'''

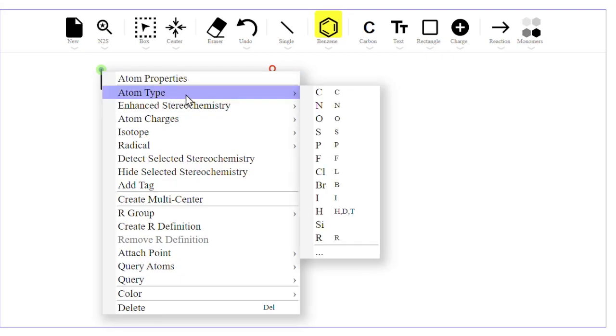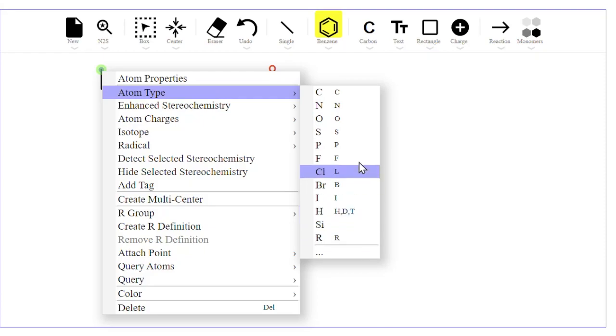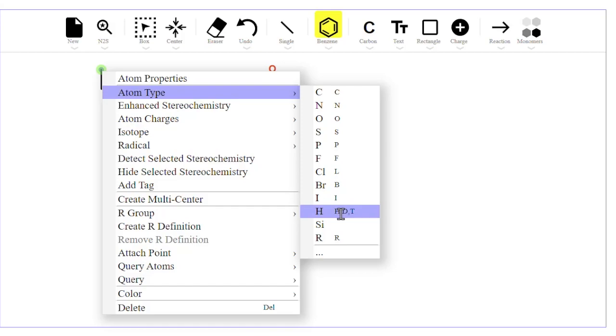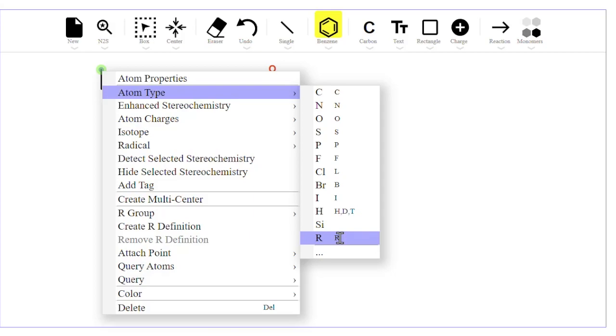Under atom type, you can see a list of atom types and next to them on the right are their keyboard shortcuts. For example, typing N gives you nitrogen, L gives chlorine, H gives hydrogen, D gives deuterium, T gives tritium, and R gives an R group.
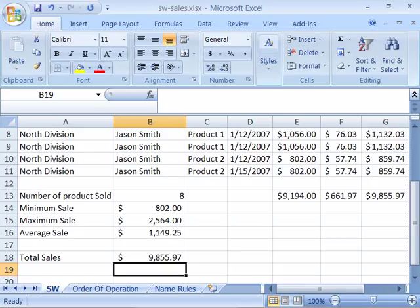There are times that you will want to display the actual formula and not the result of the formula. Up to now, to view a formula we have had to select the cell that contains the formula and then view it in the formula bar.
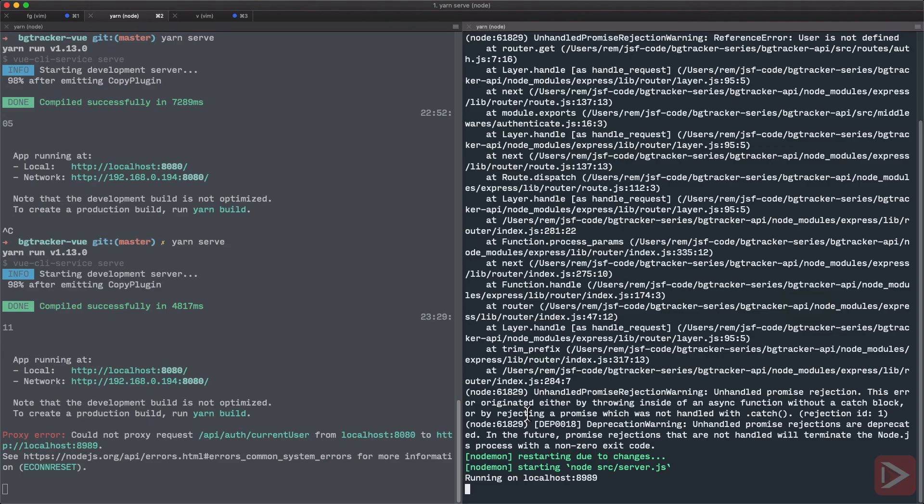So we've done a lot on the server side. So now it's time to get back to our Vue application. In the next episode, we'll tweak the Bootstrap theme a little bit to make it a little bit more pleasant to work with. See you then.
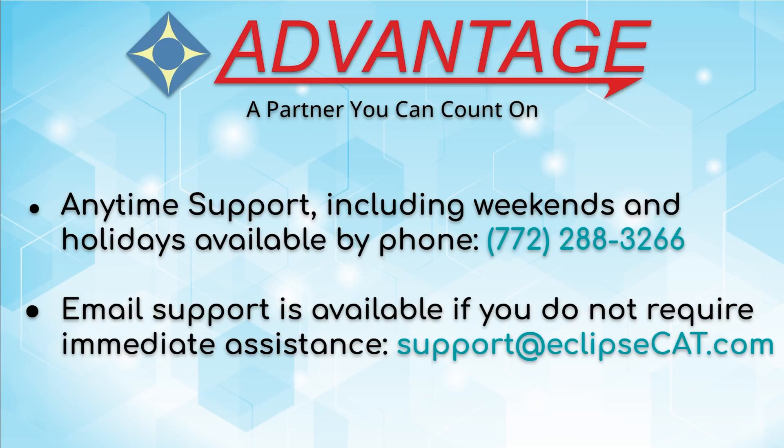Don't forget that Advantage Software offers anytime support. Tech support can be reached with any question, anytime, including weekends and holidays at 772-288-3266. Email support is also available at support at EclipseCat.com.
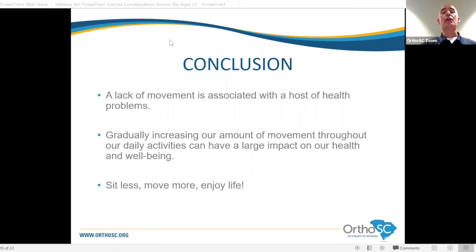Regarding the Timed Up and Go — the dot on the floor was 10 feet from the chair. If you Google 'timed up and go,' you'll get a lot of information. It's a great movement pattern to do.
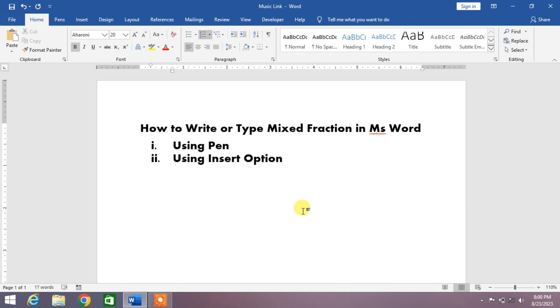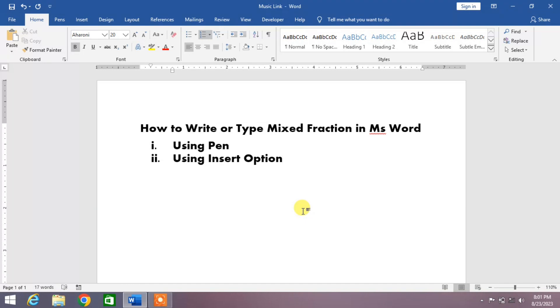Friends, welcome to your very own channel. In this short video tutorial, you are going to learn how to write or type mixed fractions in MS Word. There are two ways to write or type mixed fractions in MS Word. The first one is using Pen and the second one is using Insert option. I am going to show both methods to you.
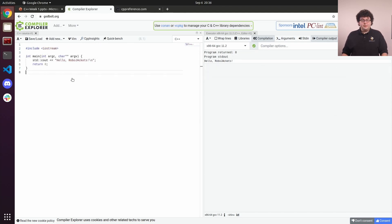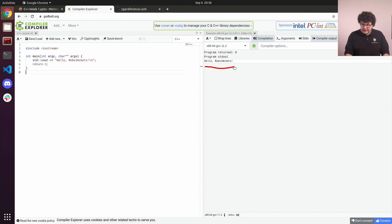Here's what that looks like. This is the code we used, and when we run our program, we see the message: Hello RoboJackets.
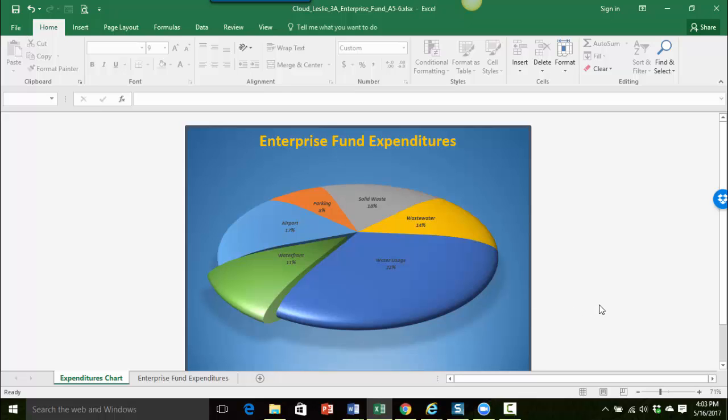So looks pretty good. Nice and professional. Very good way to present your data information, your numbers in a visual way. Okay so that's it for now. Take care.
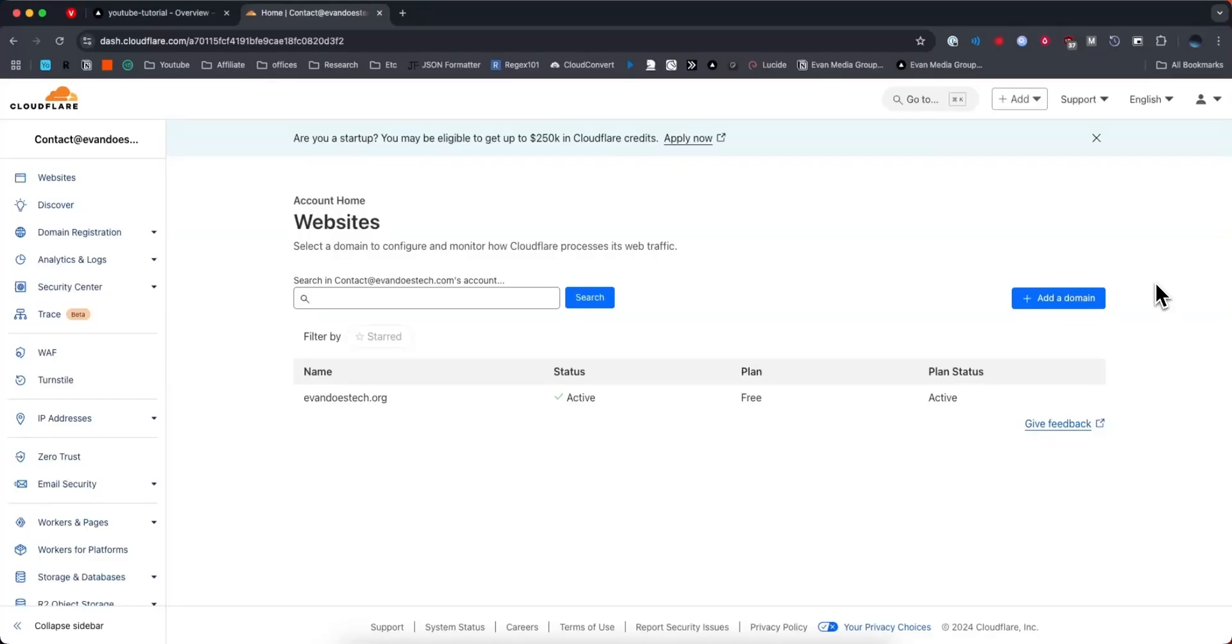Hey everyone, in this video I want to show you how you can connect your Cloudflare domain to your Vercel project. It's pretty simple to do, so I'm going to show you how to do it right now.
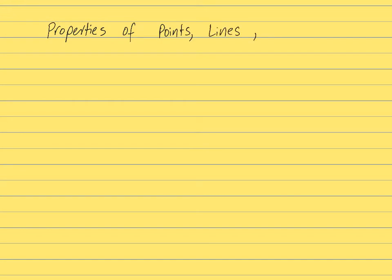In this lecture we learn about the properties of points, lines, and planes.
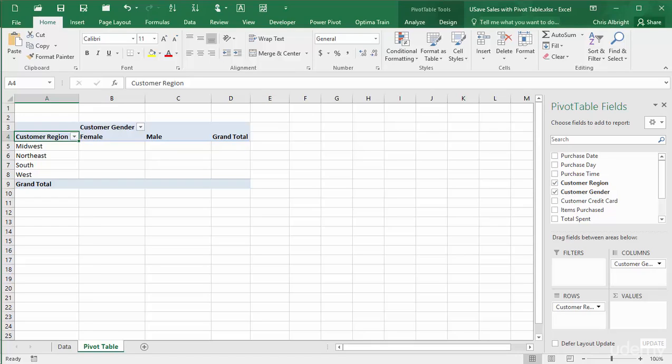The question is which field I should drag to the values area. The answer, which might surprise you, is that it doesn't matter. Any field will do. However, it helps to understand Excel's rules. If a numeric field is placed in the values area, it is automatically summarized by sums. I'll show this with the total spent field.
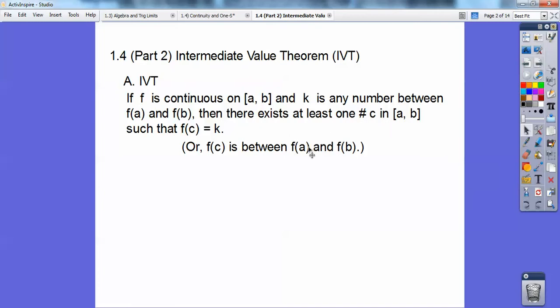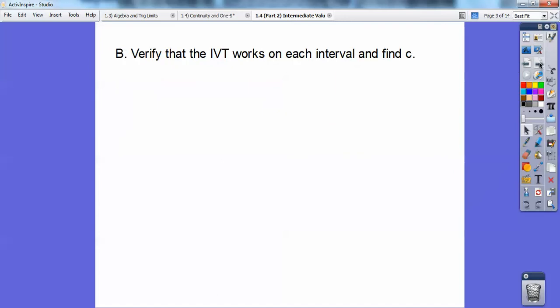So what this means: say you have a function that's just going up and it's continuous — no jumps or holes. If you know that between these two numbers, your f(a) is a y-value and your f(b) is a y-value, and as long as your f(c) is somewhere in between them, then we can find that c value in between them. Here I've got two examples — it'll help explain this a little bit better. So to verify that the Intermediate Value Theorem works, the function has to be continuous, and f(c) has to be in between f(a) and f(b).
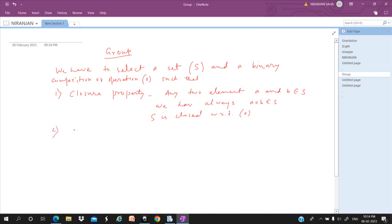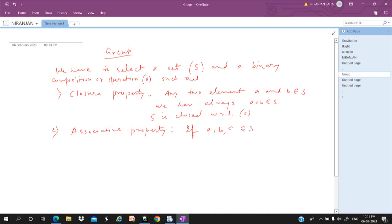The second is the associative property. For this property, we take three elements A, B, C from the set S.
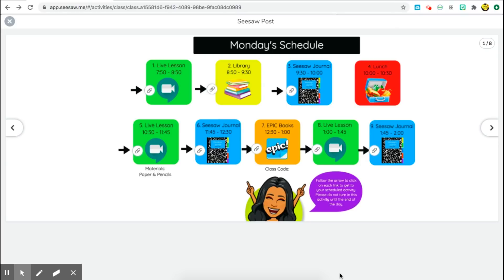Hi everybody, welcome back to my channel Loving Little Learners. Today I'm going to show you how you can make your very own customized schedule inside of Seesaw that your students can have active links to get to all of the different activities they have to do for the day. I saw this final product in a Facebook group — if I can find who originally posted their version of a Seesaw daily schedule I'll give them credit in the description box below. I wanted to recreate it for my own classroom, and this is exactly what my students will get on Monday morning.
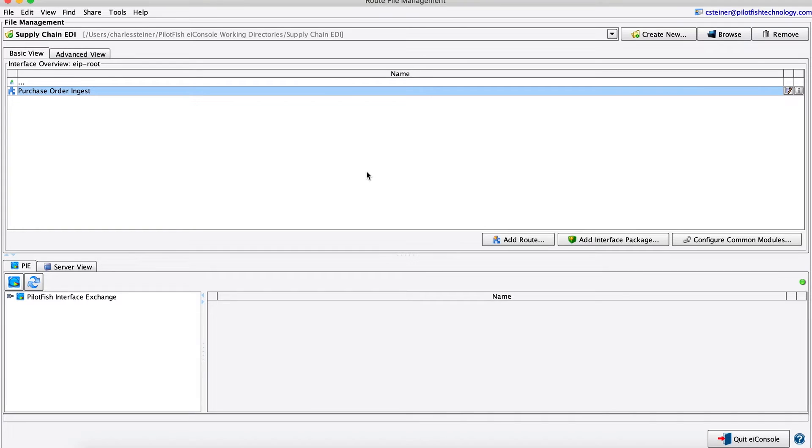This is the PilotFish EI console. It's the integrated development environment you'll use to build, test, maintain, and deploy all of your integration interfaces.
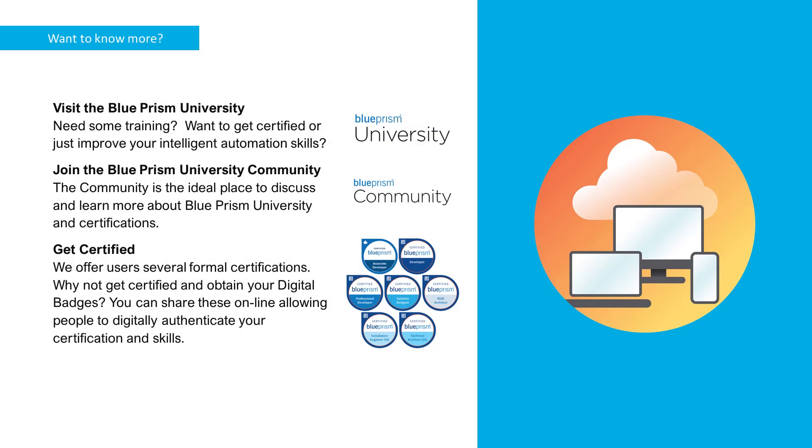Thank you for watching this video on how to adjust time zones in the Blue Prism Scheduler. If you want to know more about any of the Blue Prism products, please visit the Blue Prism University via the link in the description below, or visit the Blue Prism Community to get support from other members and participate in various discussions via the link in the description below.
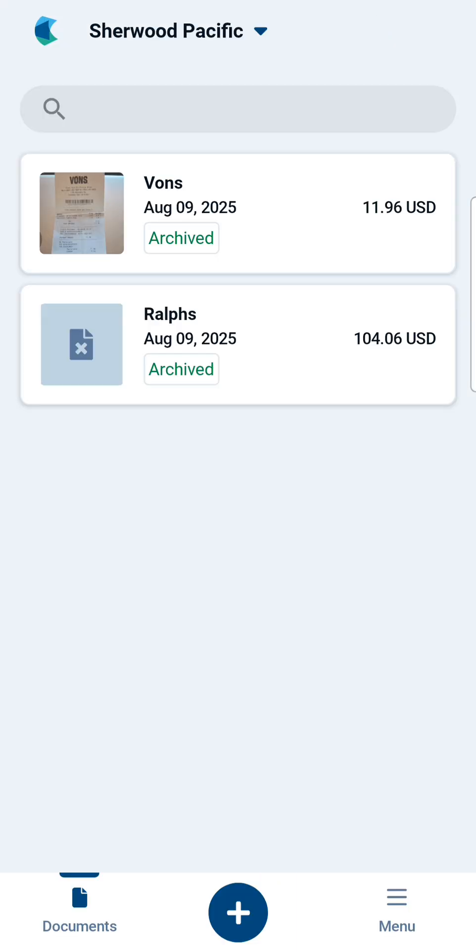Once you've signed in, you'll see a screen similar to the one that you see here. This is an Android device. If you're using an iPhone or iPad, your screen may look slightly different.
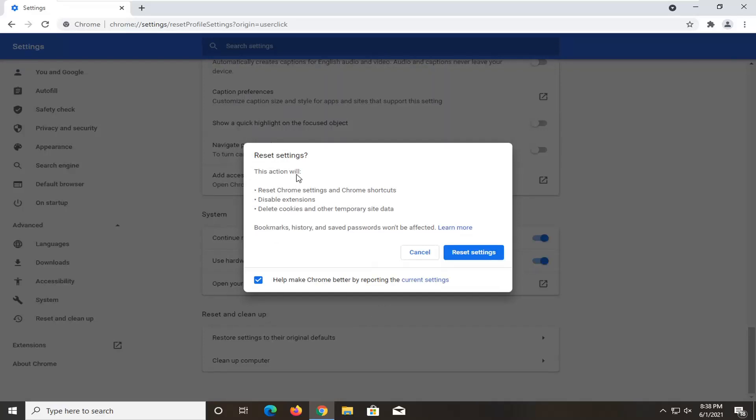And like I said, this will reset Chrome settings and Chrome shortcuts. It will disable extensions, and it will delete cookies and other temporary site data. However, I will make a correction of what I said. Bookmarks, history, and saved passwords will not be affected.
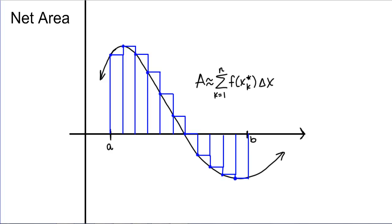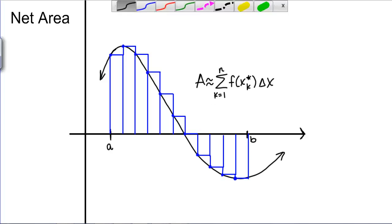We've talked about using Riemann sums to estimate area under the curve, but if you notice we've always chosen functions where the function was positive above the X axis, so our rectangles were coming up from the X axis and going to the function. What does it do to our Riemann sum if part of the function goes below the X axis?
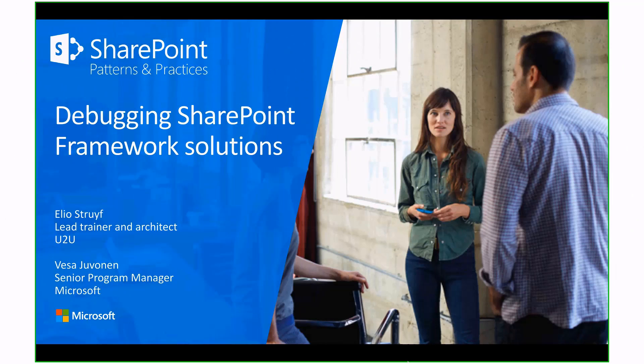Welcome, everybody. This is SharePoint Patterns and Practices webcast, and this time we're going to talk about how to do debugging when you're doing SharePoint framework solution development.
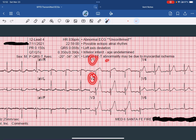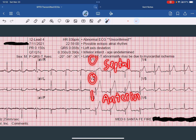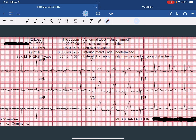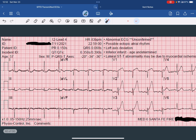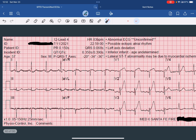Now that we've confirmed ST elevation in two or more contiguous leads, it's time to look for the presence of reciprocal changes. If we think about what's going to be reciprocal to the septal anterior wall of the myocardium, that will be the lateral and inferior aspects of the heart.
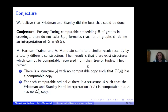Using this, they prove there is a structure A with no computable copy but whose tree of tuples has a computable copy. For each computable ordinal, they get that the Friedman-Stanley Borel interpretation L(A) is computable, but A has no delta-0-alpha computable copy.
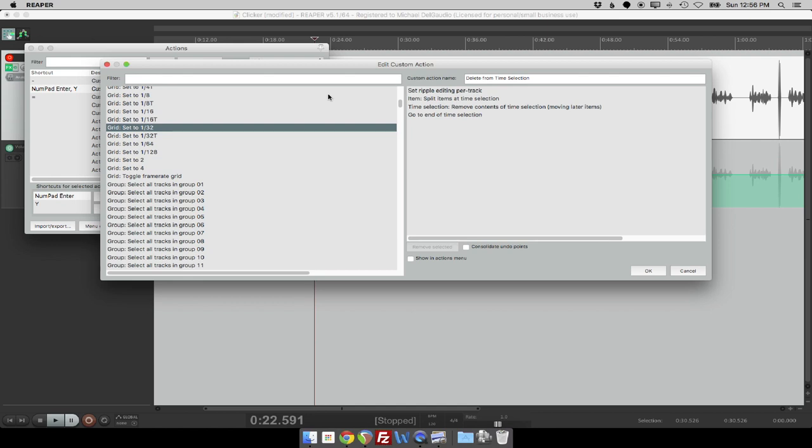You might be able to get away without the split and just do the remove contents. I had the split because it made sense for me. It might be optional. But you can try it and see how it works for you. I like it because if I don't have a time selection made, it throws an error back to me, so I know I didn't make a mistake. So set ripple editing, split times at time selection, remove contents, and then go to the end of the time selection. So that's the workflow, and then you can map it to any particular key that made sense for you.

'''

What needs to be done. Pictures excluded, give again exactly and only the lines of the material above from the line with "Regarding the Timed" through the line with "The second is".

Response area.
Regarding the Timed Up and Go — the dot on the floor was 10 feet from the chair. If you Google 'timed up and go,' you'll get a lot of information. It's a great movement pattern to do.
Friends, welcome to your very own channel. In this short video tutorial, you are going to learn how to write or type mixed fractions in MS Word. There are two ways to write or type mixed fractions in MS Word. The first one is using Pen and the second one is using Insert option. I am going to show both methods to you.
Here's what that looks like. This is the code we used, and when we run our program, we see the message: Hello RoboJackets.
So looks pretty good. Nice and professional. Very good way to present your data information, your numbers in a visual way. Okay so that's it for now. Take care.
Hey everyone, in this video I want to show you how you can connect your Cloudflare domain to your Vercel project. It's pretty simple to do, so I'm going to show you how to do it right now.
In this lecture we learn about the properties of points, lines, and planes.
The question is which field I should drag to the values area. The answer, which might surprise you, is that it doesn't matter. Any field will do. However, it helps to understand Excel's rules. If a numeric field is placed in the values area, it is automatically summarized by sums. I'll show this with the total spent field.
So what this means: say you have a function that's just going up and it's continuous — no jumps or holes. If you know that between these two numbers, your f(a) is a y-value and your f(b) is a y-value, and as long as your f(c) is somewhere in between them, then we can find that c value in between them. Here I've got two examples — it'll help explain this a little bit better. So to verify that the Intermediate Value Theorem works, the function has to be continuous, and f(c) has to be in between f(a) and f(b).
The second is the associative property. For this property, we take three elements A, B, C from the set S.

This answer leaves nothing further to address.